For all the ink spilled on political campaigns, the careers made and broken, it’s still really hard to measure their managers’ impact.

And for all the emphasis placed on polls and the wind they can put behind a candidate, they’re still just snapshots that range from a person’s fixed preference to a vague impression.

Right now, those are two thoughts on the top of mind for Assistant Professor of Sociology Daniel Laurison ’99, who explores politics, inequality, and how social position shapes how people view the world. He is immersed, personally and professionally, in the 2020 Democratic primaries in the run-up to November’s general election, which reflect and recontextualize his scholarly interests.

“So much of how people choose candidates is idiosyncratic or comes down to a whole bunch of things that are hard to predict or analyze,” says Laurison, author of The Class Ceiling: Why It Pays to Be Privileged. “Who’s in the lead right now can shape how people think about who they might vote for. But by next week, that could be totally different, which is hard to wrap your mind around.”

Laurison recently sat down to discuss his upcoming book on how campaign professionals shape politics (or not); how class position affects one’s vote; the Pennsylvania Participation Project, his examination of why so many people feel disconnected from politics; the Bernie Sanders surge; and more.

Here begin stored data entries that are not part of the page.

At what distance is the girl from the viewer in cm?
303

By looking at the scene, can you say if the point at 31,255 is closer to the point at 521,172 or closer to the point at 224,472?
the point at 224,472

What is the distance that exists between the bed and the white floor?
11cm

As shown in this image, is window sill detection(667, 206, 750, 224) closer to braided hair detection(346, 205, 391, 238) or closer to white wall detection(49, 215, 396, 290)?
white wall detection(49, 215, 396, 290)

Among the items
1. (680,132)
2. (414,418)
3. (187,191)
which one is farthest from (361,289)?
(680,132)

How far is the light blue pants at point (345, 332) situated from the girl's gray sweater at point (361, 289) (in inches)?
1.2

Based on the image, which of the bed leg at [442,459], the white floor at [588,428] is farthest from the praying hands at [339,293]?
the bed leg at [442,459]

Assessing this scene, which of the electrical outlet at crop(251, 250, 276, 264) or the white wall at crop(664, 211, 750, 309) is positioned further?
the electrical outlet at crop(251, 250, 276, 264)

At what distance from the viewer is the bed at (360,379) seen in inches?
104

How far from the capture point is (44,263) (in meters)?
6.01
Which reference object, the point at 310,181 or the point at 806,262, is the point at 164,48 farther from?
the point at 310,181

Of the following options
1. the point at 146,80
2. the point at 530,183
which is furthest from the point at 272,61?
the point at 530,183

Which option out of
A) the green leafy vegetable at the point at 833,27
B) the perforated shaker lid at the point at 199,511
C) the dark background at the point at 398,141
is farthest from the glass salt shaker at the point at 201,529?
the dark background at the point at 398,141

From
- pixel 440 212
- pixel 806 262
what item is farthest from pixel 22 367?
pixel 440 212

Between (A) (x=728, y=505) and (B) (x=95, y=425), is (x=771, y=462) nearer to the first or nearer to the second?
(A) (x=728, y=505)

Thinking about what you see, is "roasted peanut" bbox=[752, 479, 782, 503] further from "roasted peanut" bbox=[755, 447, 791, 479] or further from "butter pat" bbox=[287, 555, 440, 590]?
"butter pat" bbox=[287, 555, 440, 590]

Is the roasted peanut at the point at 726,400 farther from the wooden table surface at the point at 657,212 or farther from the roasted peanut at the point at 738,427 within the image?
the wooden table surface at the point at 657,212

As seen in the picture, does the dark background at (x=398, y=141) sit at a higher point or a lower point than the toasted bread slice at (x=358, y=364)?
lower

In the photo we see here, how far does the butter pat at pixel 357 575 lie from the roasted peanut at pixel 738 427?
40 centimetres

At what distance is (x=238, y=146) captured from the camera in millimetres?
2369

How is your manuscript coming along, and what have you found?

I’m looking at how campaign professionals view their work and shape the politics that we get. One of the top takeaways is that in general elections, it tends to be really hard to know how much any given thing that any given campaign does determines the final outcome. And that’s counterintuitive because when you look at Trump vs. Clinton in 2016, there was a winner. Somebody must have done something for Trump to win and Clinton to lose. But both according to campaign professionals and scholarship that looks at how campaigns work, a lot of it is really contingent. It’s hard to predict.

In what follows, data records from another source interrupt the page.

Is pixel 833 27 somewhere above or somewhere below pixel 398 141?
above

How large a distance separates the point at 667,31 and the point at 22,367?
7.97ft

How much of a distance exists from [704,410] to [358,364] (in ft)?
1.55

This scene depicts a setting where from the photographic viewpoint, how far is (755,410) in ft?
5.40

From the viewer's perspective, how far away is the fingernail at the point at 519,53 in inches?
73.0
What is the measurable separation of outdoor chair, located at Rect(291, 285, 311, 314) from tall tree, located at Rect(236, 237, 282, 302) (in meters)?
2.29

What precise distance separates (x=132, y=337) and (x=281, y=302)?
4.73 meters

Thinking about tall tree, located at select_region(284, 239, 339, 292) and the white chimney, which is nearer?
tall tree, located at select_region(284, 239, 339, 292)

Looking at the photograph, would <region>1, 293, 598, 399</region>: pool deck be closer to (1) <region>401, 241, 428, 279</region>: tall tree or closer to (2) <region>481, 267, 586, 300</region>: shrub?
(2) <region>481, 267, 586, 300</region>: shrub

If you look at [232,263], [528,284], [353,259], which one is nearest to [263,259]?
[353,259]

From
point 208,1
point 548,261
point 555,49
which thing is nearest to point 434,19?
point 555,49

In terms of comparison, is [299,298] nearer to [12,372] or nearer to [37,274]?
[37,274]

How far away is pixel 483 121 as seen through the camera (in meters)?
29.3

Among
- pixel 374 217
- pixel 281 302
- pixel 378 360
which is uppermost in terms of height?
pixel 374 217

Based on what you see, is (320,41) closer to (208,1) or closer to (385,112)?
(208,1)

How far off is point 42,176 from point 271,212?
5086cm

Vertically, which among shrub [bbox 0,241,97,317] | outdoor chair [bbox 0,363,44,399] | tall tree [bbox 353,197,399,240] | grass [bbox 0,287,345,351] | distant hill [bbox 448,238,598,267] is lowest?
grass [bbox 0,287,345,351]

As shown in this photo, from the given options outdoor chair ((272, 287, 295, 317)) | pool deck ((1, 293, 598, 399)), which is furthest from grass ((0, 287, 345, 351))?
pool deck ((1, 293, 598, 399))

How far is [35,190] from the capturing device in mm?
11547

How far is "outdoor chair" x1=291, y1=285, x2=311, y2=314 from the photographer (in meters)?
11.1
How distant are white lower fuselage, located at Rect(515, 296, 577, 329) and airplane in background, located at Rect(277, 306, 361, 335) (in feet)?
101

I talked to a Republican political professional in 2017 who said something along the lines of, “Well, [Clinton’s ‘Stronger Together’ tagline] was never very clear. Together for what? Would having a different message have made the difference? Who knows? And anybody who tries to tell you they know is basically blowing smoke. Anything could have made the difference, and nothing could have made the difference.”

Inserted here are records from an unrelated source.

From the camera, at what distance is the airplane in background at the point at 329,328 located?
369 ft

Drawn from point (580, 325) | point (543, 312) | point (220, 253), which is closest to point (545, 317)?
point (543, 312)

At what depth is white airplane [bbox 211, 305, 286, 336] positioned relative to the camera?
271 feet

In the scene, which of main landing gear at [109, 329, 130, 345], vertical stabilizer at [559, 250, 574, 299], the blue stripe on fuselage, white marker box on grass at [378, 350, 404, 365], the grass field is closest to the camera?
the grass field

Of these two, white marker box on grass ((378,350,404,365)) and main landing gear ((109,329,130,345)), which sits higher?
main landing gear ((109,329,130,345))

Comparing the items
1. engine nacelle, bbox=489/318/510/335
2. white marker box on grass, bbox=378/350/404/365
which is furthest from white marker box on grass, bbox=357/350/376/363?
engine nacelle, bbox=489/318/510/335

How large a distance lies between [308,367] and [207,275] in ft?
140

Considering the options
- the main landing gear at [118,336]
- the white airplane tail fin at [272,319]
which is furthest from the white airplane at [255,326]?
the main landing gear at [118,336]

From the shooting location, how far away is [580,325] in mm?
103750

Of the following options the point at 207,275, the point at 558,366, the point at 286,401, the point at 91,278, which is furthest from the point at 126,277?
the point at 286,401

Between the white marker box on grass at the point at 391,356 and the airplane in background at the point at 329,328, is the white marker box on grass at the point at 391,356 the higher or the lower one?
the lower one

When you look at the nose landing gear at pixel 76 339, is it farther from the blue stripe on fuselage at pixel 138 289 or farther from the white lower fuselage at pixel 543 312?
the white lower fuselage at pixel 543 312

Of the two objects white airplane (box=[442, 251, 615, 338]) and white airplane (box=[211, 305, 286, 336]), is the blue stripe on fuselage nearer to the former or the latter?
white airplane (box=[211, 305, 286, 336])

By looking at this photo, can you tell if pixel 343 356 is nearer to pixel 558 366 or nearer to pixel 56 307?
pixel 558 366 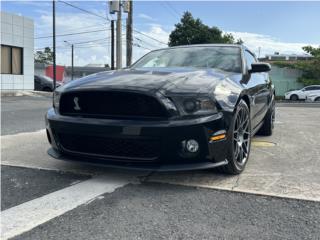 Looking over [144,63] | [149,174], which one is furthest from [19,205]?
[144,63]

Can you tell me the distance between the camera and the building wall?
3875 centimetres

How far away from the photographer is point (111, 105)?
124 inches

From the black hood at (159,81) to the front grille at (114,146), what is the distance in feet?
1.44

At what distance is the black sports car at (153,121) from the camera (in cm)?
296

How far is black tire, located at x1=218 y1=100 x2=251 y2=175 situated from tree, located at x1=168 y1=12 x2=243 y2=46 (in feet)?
137

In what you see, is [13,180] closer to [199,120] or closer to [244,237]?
[199,120]

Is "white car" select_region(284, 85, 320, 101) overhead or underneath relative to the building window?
underneath

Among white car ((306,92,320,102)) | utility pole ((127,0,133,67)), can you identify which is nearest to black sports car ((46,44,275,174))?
utility pole ((127,0,133,67))

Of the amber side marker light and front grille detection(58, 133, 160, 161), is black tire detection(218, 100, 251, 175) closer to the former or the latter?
the amber side marker light

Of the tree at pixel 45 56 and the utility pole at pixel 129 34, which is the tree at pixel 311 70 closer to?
the utility pole at pixel 129 34

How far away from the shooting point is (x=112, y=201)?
2777 mm

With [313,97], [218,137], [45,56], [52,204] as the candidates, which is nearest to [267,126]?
[218,137]

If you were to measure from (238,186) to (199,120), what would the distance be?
69cm

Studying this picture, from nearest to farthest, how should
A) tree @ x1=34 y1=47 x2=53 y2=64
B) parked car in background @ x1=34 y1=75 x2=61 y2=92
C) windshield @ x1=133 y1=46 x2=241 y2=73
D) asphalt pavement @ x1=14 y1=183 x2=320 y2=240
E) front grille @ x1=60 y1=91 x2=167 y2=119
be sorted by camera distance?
asphalt pavement @ x1=14 y1=183 x2=320 y2=240, front grille @ x1=60 y1=91 x2=167 y2=119, windshield @ x1=133 y1=46 x2=241 y2=73, parked car in background @ x1=34 y1=75 x2=61 y2=92, tree @ x1=34 y1=47 x2=53 y2=64
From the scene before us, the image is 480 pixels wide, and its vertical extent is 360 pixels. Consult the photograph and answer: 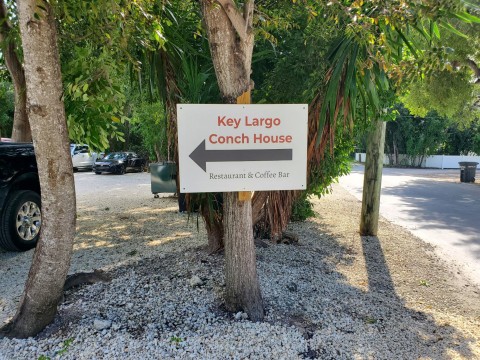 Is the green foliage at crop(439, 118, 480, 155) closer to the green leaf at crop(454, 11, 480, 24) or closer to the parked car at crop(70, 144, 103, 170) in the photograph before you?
the parked car at crop(70, 144, 103, 170)

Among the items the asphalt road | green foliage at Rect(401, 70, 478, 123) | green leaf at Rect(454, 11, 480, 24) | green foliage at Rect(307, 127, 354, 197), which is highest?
green foliage at Rect(401, 70, 478, 123)

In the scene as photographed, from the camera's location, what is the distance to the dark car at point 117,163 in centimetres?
2211

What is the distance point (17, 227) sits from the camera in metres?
5.41

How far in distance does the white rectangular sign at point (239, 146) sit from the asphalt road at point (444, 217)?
12.1 feet

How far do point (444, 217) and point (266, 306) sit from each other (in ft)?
25.5

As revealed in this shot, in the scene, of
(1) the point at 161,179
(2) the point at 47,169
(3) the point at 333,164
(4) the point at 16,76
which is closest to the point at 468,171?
(1) the point at 161,179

How accurate are the notions of how class position can impact voting?

There’s this narrative of the economically precarious or financially insecure, the working-class whites, who really love Trump. The extent to which that’s true and to which that’s an important way to understand the outcome, though, I see as highly debatable. If you split white people into whether they have a college degree, it’s absolutely true that those without one were, by far, the most likely to vote for Trump. And that, on average, people with a degree earn more than people without one. But if you actually look at measures of economic precarity or financial insecurity, and how they relate to Trump’s support among white people, you see the most economically precarious were actually some of the most anti-Trump. There’s not this steep curve of, the poorer you are, the more likely you are to support Trump. [For more, Laurison recommends a Data for Progress blog post on identifying the working class.]  

Also, only about a third of adults have a college degree. And among those who don’t, there’s huge variance with income. People own car dealerships, there are plumbers making $100,000 a year, etc. The biggest predictor — and there’s been lots of studies that show this really clearly — of Trump’s support among white people was basically: How racist are you? And that cuts across the class lines pretty clearly. It was a substantial number of people who would be better served by more redistributive policies who voted against some version of their economic interests, which we discussed in my Working Class and the Politics of Whiteness class here last semester.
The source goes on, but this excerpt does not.